Static typing in a programming language is a mechanism for making certain types of non-terminating computations impossible to express in that programming language. The understanding "non-terminating" here includes errors as well (the idea of bottom ⊥ that you'll find in some earlier texts on programming languages semantics, such as Allen's Anatomy of Lisp). Non-terminating computations are equivalent to paradoxes in formal logic (see Curry-Howard correspondence), and the first type system was developed to deal with Curry's paradox (http://en.wikipedia.org/wiki/Curry%27s_paradox) in the first programming language (lambda calculus). Some type systems prevent more types of non-terminating computations, others less. But saying that run-time type assertions are equivalent to a typed programming language, or that types are like contracts or other things just leads to confusion.

No. They're a set of compiler-enforced contracts between pieces of code.
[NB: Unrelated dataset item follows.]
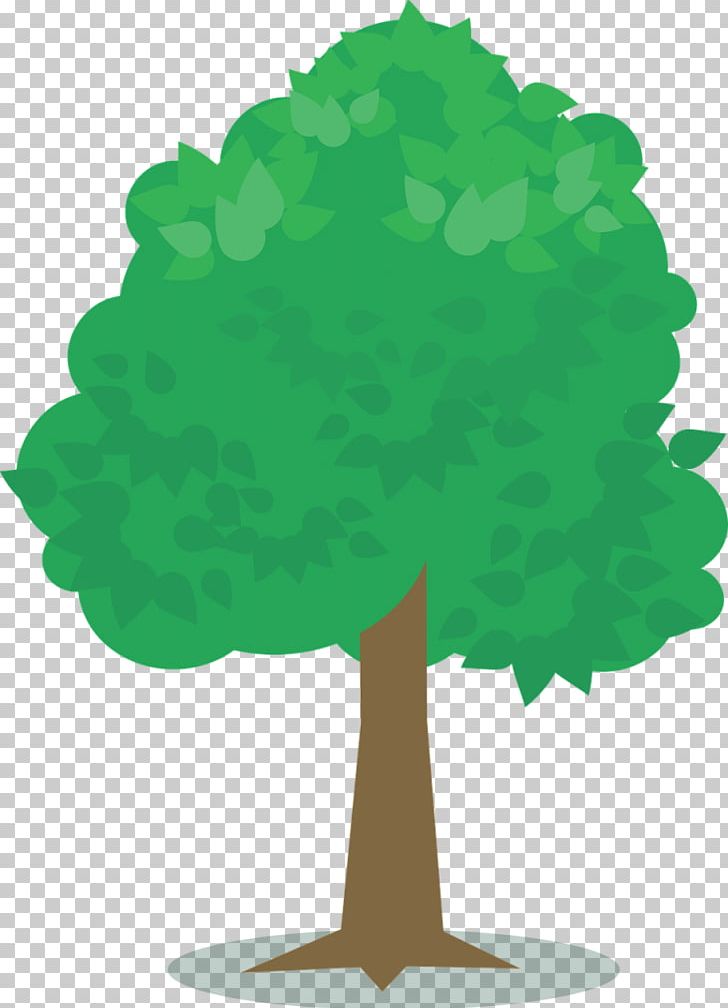 Tree T-shirt Green Plants PNG, Clipart, Child, Evergreen, Grass, Green, Green Plant Free PNG Download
Maybe more importantly, they enable a kind of constant, aggressive refactoring that's just way too dangerous in dynamic code.

Maybe at large scale, I have spent my career working with 200k - 500k loc systems in java, c#, and ruby, and in my experience, the thing that makes refactoring possible or a nightmare is well written test suites, not compilers. Compilers definitely catch a certain class of problem, but tests catch many more.
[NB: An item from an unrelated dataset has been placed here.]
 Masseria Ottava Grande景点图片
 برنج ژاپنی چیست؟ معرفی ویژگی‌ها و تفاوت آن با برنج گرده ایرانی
It holds even more so at small scale because I can pretty confidently move a method up an inheritance chain or rename a class and count on the compiler catching everything. In a bigger codebase I have to be more careful about breaking somebody's excessively dynamic code that might be pointing to those things in a roundabout way.

As an experiment last year I started teaching myself machine learning by implementing the common algorithms in Clojure and Scala simultaneously. I expected Clojure to win out and worked a lot harder in the beginning but after a while I was forced to concede that my Scala code was cleaner, faster, and less buggy, partly because I felt comfortable changing things because I knew the compiler would help me.

Pre/post conditions at compile-time in Clojure? Nope. How could you know the value returned by a function at compile time? Or the value of the inputs?

You could only know the types of the input if the compiler was smart enough and define constraints on the types but as far as I know it's not possible in Clojure.

You're right, Clojure doesn't support compile-time conditions. Must've been confused.

true, but there are a lot of things you can catch with pre/post conditions in clojure that you wouldn't catch with a compiler in something like java.